The protocol launched a project — MINEBTC. It is a tokenized BTC mining land that is backed by a hydro-powered Bitcoin mining farm. It owns digital land and earns Bitcoin passively. It conducted its first launchpad sale for the $MINEBTC token — where it achieved a 320x return for IDO participants on day one of its launch. However, it has lost 6x of its market cap since its launch. It currently has a $920k market cap.
In 2025, their focus is on launching and expanding the $DEPIN ecosystem. The H1’25 includes the Token Generation Event (TGE), node sales, an affiliate program, a launchpad of projects, staking rewards, and a marketplace for tokenized assets. In H2’25, the protocol plans to introduce equity tokenization, secure regulatory approvals, build institutional partnerships, and optimize according to user feedback.
I personally will look forward on the launchpad projects the protocol is focusing on — solving a large-scale real-world problem.
Plural Finance works with renewable energy developers (mostly solar) who are looking for capital funding to connect them with individuals discovering renewable energy projects to invest in. It states that it lists projects that have good historical performance and rejects those that are bad.
Plural is SEC-compliant — registered transfer agent and works directly with SEC-registered broker-dealers, KYC providers, Anti-Money Laundering Technology, and more for investor confidence.
It currently offers a Deal-by-Deal service. However, they are looking forward to launching Fund Token and Secondary Marketplace to expand and have ease in the accessibility of its offerings.
Recent Project - Plural Finance tokenized the Opdyke Microgrid Deal, making institutional quality clean energy investment accessible to investors. Blockchain has reduced administrative costs, automated compliance processes, and enhanced transparency. The protocol structured the deal traditionally with stable cash flow, priority returns, and clear exit options.

The Opdyke Microgrid Deal offers investors mid-teen returns (12-14% IRR) through a 20MWAC solar and 97MWh battery storage project in Texas, powering a biofuels facility via microgrid.
Lately, the team had announced their acquisition of Northstar Financial Services LP, a FINRA-registered broker deal — renamed as Plural Brokerage LLC. By owning a broker-deal, Plural can facilitate securities transactions in-house — making their security token offerings more compliant and faster.
Plural aims to tokenize over $100 million in assets in 2025, making it easier for institutional and retail investors to fund clean projects. This project is built on the Ethereum blockchain, and the team has raised $2.33 million in pre-seed funding.
Plural stands right in the middle of financing energy assets, positioning itself by enabling mid-size renewable energy projects to raise funds from investors on-chain. Plural looks at small-scale projects (like rooftop solar installations), development-stage renewables, operating renewables (which need additional fundraising), and unconventional clean energy projects like AI-powered batteries and Bitcoin mining operations integrated with renewable energy.
I think its value proposition is on point. It makes it less attractive for large-scale energy investors but exciting for individual/retail or institutional investors (small-to-mid-size). Apart from solar, the team is also looking into renewable energy sources like wind and hydropower — an untapped opportunity.
Penomo is similar to other projects, focused on tokenizing solar farms, wind farms, and storage batteries. Penomo partnered with regulated entities, ensuring adherence to BaFIN (Germany) and EU securities regulations — enabling tokens to be legally distributed to retail investors in the EU and institutional investors worldwide.
It digitizes the onboarding process and assesses the financial viability of each project through cash flow modeling. It provides real-time monitoring of tokenized assets, enabling transparency and returns on the performance of the invested projects. Its total asset value is more than $200 million — which is just scratching the surface!

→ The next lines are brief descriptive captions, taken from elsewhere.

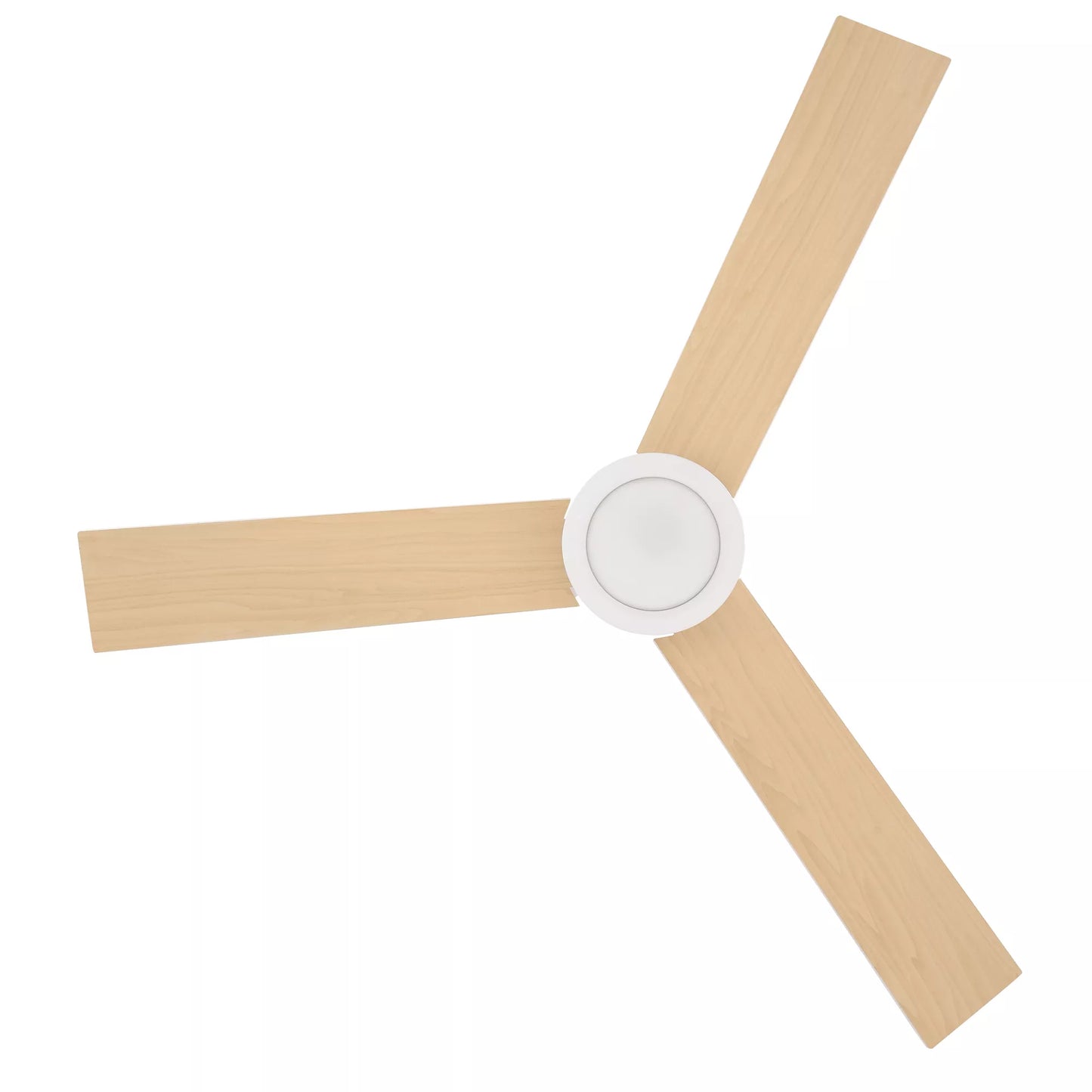 Lubų ventiliatorius su LED apšvietimu, 2-in-1 dizainas, su laikmačiu, nuotolinio valdymo pultu, lubų lempa su ventiliatoriumi, balta + natūralaus medžio spalva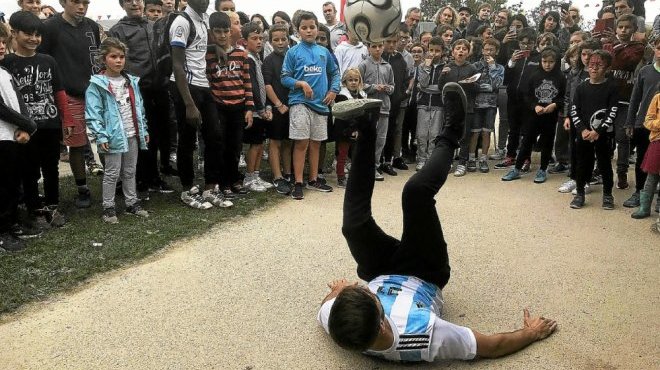 Animation de foot freestyle pour une fête en Bretagne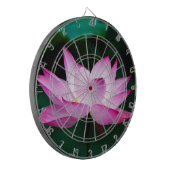 Roze Lotus Flower Dartbord (Voorkant Links)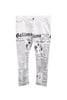 John Galliano Faux Newspaper Print Denim Pants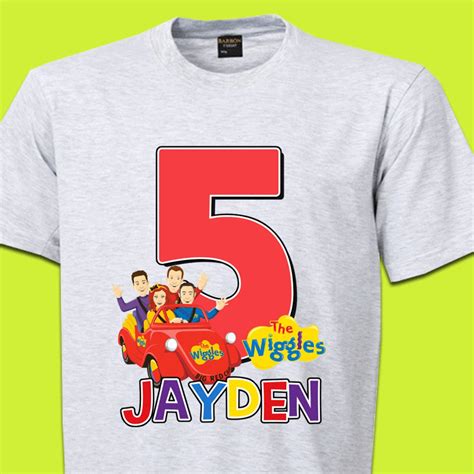 The Wiggles Iron On Transfer The Wiggles Printable Shirt Etsy Images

Penomo has partnered with Hoovest Financial Group, which manages over $1 billion in assets, to accelerate institutional investment in tokenized real-world infrastructure — especially focused on renewable energy and AI-driven projects like data centers.
Hoovest, with its expertise in capital allocation and $150 million AUM, will deploy capital through Penomo’s platform — bridging the gap.
The project has a token launch — $PNMO, which is a utility token that can be used in transacting on the Penomo platform and for the governance of the project. $PNMO does have a buyback scheme — repurchasing tokens from the market (from the revenue via service fees, transaction fees, and liquidity trading fees from trades) to create constant demand for the token. Then, these tokens are distributed to their contributors via pools. It does this in three ways: (1) a burn pool where tokens get burned/removed permanently, (2) rewards pools where tokens are distributed to compliance service providers, ecosystem builders, and users, and (3) a subsidy pool where tokens are reserved to subsidize impact-driven projects. Check out more on their tokenomics structure here.
Lumishare offers users an NFT marketplace with $LUMI tokens, allowing users to invest in solar farms through fractional ownership services. Built on Binance Smart Chain (BSC), this project extends its offerings by partnering with governments like the UAE to capitalize on opportunities.
$LUMI Token is used for all transactions on LUMIPlace (a marketplace). NFTs which represent ownership of physical assets can be purchased and traded on the marketplace. The smart contract framework also integrates reward mechanisms, like staking rewards or dividends from the performance of solar farm projects.
$LUMI is currently listed on Mexc and Latoken (CEXs) and is looking to expand to other large centralized and decentralized exchanges. Its market cap stands at $1.36 million.
They recently made their LumiPlace public which is in the testing phase.
Other protocols certify renewable energy production and tokenize it into tradable assets like carbon credits or Renewable Energy Certificates (RECs).
Certification and Trading
Glow is a platform that decentralizes the grid by rewarding solar farm developers with its GLW tokens for their electricity production and USDC for their carbon credits.
It has a Partner program, which encourages corporations to buy Glow Carbon Credits.
Glow rewards builders with USDC and GLW tokens when they construct new solar farms that compete with traditional energy sources. It uses an incentive mechanism called a ‘recursive subsidy’, which requires owners of solar farms to contribute 100% of their electricity savings and revenue towards the construction of more solar projects, creating an amplification effect.
The project embraces this mechanism because the carbon industry lacks an effective incentive mechanism between profitable solar farms and solar farms that need financing. This mechanism enables profitable solar farms to invest in them and receive carbon credits (Glow Carbon Credits), which represent one ton of CO2 (that has not been emitted into the atmosphere due to GCC).
Rewards from a finite pool get distributed between all competing solar farms proportional to the number of carbon credits or GCC tokens they hold.
It’s almost a year since Glow began operating, and the project has already received major traction from countries like the U.S. Recently, it raised $30M from Framework and Union Square Ventures. The team states $6.5M of funding goes for the project and the rest, $23.5M, would be towards solar investment.
Glow has 71 operational farms, producing 6.8 GWh of electricity. Glow launched three solar farms in Rajasthan (India), generating 21.3MW of capacity.
The most generated solar farm is in Rajasthan with a deployment of 29k solar panels generating 22% of GLW emissions.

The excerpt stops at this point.